Take the entries below and print, exactly, the stretch from the line containing "Cummins QSC エンジン" through the line containing "KIA CARNIVAL GASOLINE 9-SEATER PRESTIGE", both included.

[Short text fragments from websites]
==============================
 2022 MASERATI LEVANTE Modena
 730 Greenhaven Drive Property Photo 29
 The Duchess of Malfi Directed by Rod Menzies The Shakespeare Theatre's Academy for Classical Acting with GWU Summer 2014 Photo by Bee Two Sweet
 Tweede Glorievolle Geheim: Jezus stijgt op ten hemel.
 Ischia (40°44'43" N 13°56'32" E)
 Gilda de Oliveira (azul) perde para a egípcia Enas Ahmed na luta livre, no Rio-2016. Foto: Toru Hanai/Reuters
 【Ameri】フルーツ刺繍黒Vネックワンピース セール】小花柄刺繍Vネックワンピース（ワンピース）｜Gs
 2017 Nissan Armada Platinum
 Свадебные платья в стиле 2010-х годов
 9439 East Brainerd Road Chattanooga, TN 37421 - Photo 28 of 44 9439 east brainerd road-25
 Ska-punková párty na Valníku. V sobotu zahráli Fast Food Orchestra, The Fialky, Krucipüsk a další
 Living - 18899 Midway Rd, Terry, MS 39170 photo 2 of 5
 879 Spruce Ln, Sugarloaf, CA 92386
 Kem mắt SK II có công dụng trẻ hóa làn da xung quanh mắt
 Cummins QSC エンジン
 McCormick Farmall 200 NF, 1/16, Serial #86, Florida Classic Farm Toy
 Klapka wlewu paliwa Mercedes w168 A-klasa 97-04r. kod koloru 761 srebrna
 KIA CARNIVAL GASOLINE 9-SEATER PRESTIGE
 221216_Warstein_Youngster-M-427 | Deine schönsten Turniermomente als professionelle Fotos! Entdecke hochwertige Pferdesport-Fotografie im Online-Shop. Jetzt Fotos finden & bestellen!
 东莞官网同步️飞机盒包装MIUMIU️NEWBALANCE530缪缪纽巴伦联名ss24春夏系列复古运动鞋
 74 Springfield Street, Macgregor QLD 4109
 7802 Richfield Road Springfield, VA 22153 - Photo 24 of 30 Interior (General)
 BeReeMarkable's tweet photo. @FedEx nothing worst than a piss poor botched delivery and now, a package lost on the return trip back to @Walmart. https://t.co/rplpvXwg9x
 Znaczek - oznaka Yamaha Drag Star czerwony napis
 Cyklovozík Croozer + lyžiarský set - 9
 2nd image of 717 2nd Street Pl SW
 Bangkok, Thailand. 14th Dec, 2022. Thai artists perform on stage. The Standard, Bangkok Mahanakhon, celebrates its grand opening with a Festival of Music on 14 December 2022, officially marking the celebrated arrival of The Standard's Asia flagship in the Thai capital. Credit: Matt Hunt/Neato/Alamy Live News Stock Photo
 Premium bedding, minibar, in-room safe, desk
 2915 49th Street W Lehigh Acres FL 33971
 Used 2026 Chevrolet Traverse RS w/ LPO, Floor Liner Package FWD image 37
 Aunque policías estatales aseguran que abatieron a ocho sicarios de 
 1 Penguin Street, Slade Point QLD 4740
==============================
_ANSWER SECTION:_
 Cummins QSC エンジン
 McCormick Farmall 200 NF, 1/16, Serial #86, Florida Classic Farm Toy
 Klapka wlewu paliwa Mercedes w168 A-klasa 97-04r. kod koloru 761 srebrna
 KIA CARNIVAL GASOLINE 9-SEATER PRESTIGE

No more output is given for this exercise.